Medicare And The Desegregation Of American Hospitals
As anyone who has followed the Obamacare roller coaster over the past 4 years knows, passing legislation is only the first step in reforming a healthcare system. Since Obamacare came into law, we have been consumed by battles over how to implement it, and by struggles over how to make it work effectively. But such implementation struggles are not new to Obamacare. We sometimes fail to remember that previous healthcare laws rolled out with a fair amount of controversy of their own.
For example, when Medicare was passed into law in 1965, the program was far from a done deal, especially in the South where Medicare threatened to end hospital segregation.
Federal programs had long been a challenge for those in the South who favored segregation. When Social Security was passed into law, southern Democrats managed to keep most black people out of Social Security by excluding farm and domestic workers from receiving such benefits. But Social Security eventually expanded to include these people, which did not please many southern conservatives. That’s why when Medicare was passed into law, they were determined to prevent it – another damn federal program – from interfering with the southern way of life. At the time, you see, many southern hospitals were segregated. If these hospitals wanted to receive Medicare funds, however, they would need to desegregate.

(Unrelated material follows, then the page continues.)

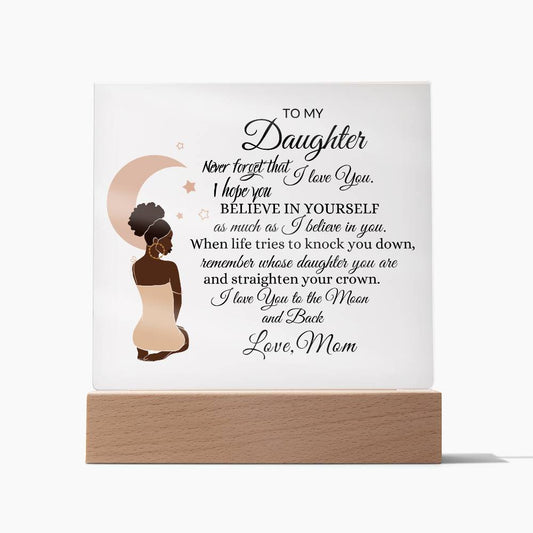 To The Moon and Back Daughter Acrylic Square Plaque (Queen)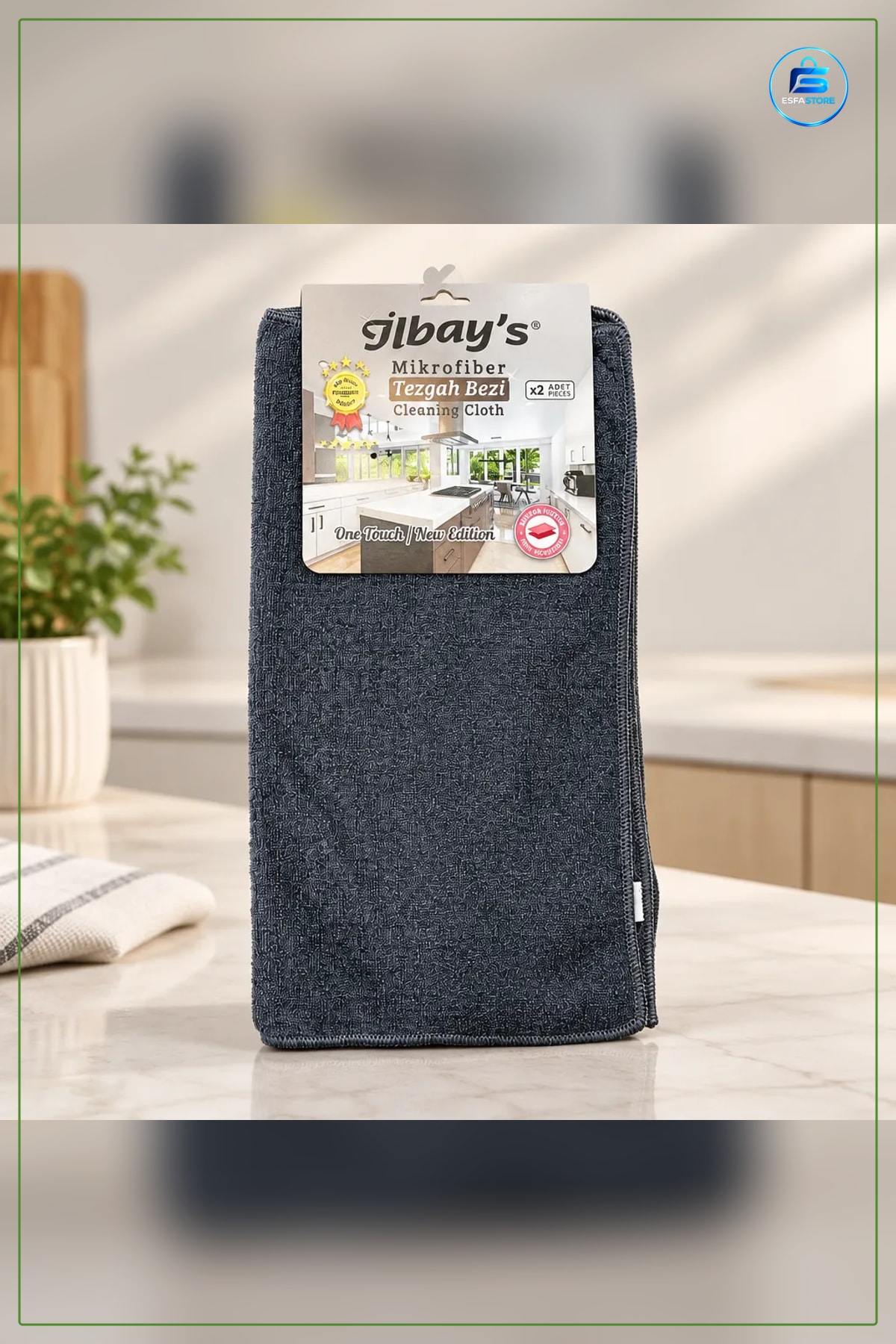 Mikrofiber Tezgah Bezi 2 Adet Mutfak Tezgahı Yüzey Temizleme Gereci Pratik Kullanım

Lyndon Johnson was determined to use Medicare to force these hospitals to change, so he sent 1,000 inspectors south to determine whether hospitals were in compliance with federal law. They found half of the hospitals to be delinquent. Southern hospitals, it seemed, hoped that the federal government would simply give up, when they realized the size of the challenge they faced. But Johnson refused to back down. He held strong. As explained in The Heart of Power, federal regulators told one Confederate hospital in Louisiana:
“That they must not only take the ‘white’ and ‘colored’ signs off the doors but that they must also label them ‘entrance’ and ‘exit’ and fix the door handles accordingly. They were also told not just to take the ‘colored’ and ‘white’ signs out of the waiting rooms but to label one the ‘main waiting room’ and to cordon off the other, and put…in a sign saying ‘overflow waiting room’ – to be used only when the main waiting room is full.”
Anyone who has read Robert Caro’s glorious biography of Johnson knows that LBJ was power-hungry, willing literally to lie, cheat and steal his way to political victory. But this complex man was also deeply committed to racial justice. And when he had federal leverage to end the abhorrent practice of hospital segregation, he did.